*** Opening of DATA ***
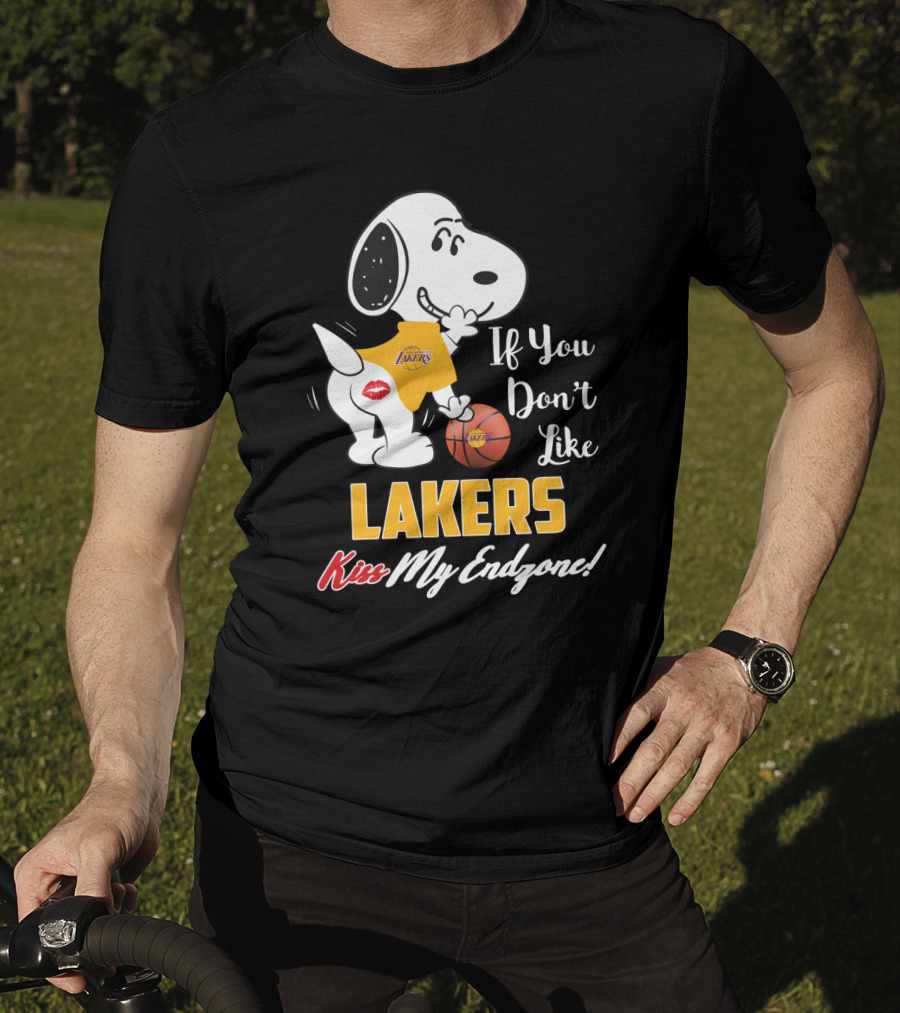 If You Don't Like Lakers Kiss My Endzone Snoopy Los Angeles Lakers Fans T-Shirt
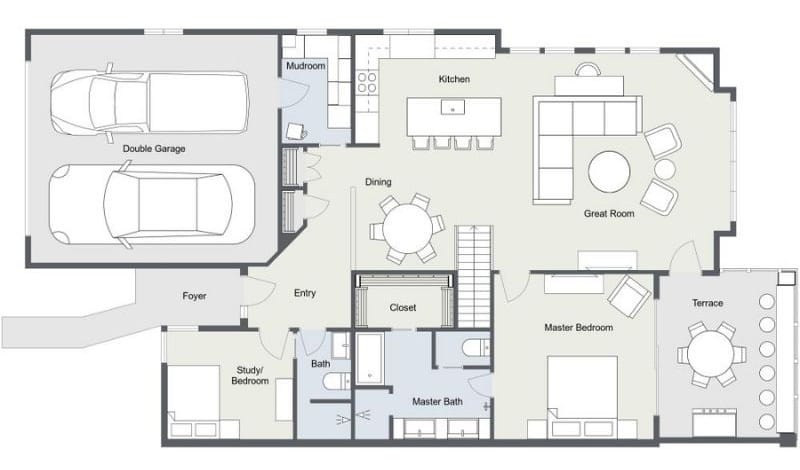 2D floor plan of a single-story home with a double garage, open kitchen and dining area, large great room, master bedroom with ensuite bath, an additional bedroom or study, a second bathroom, and a terrace accessed from the great room. The layout also includes a mudroom and a central entry with a closet.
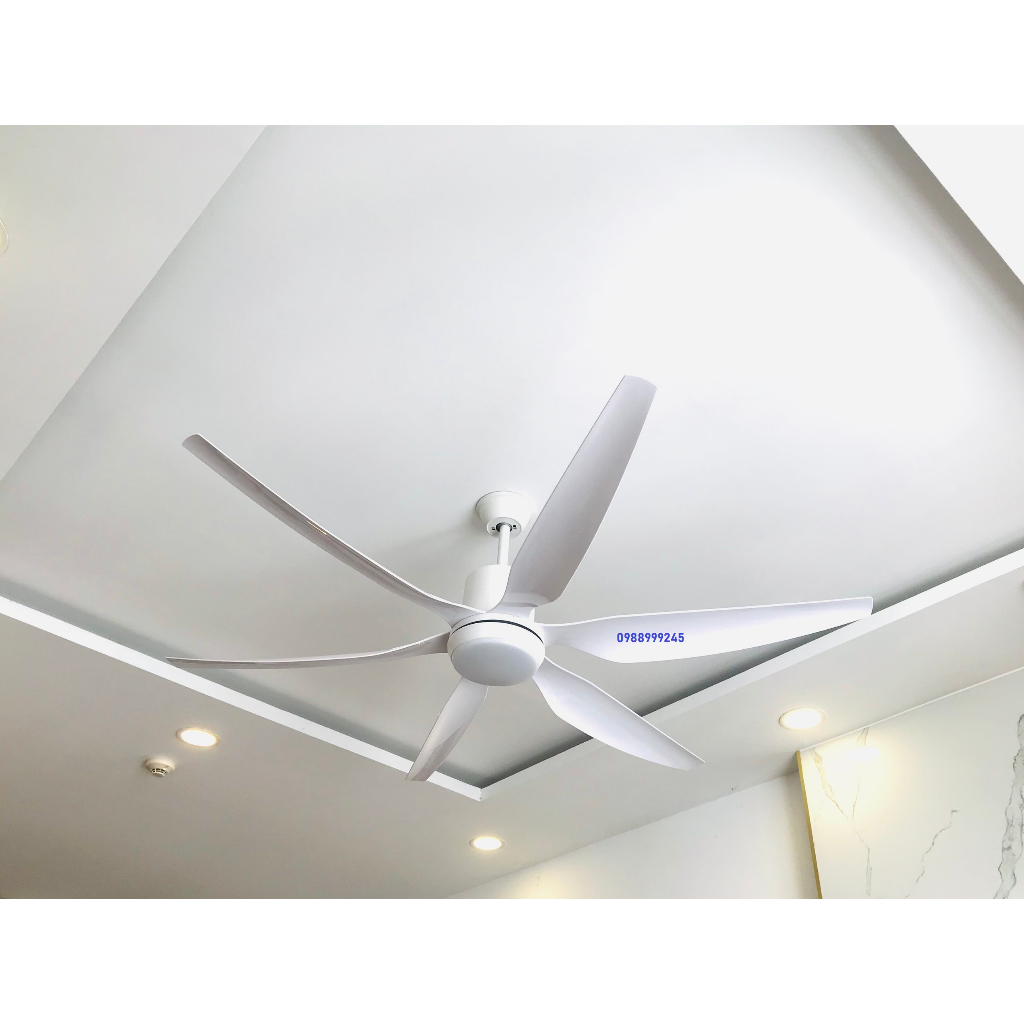 Quạt trần,quạt trần đèn 6 cánh cong siêu mát phong cách hiện đại dành cho phòng khách - khách sạn - nhà hàng - chung cư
*** Close of DATA ***
In full and without changes, repeat the listing above, but not its pictures.

■ **SOLVED EXERCISE**:
 If You Don't Like Lakers Kiss My Endzone Snoopy Los Angeles Lakers Fans T-Shirt
 2D floor plan of a single-story home with a double garage, open kitchen and dining area, large great room, master bedroom with ensuite bath, an additional bedroom or study, a second bathroom, and a terrace accessed from the great room. The layout also includes a mudroom and a central entry with a closet.
 Quạt trần,quạt trần đèn 6 cánh cong siêu mát phong cách hiện đại dành cho phòng khách - khách sạn - nhà hàng - chung cư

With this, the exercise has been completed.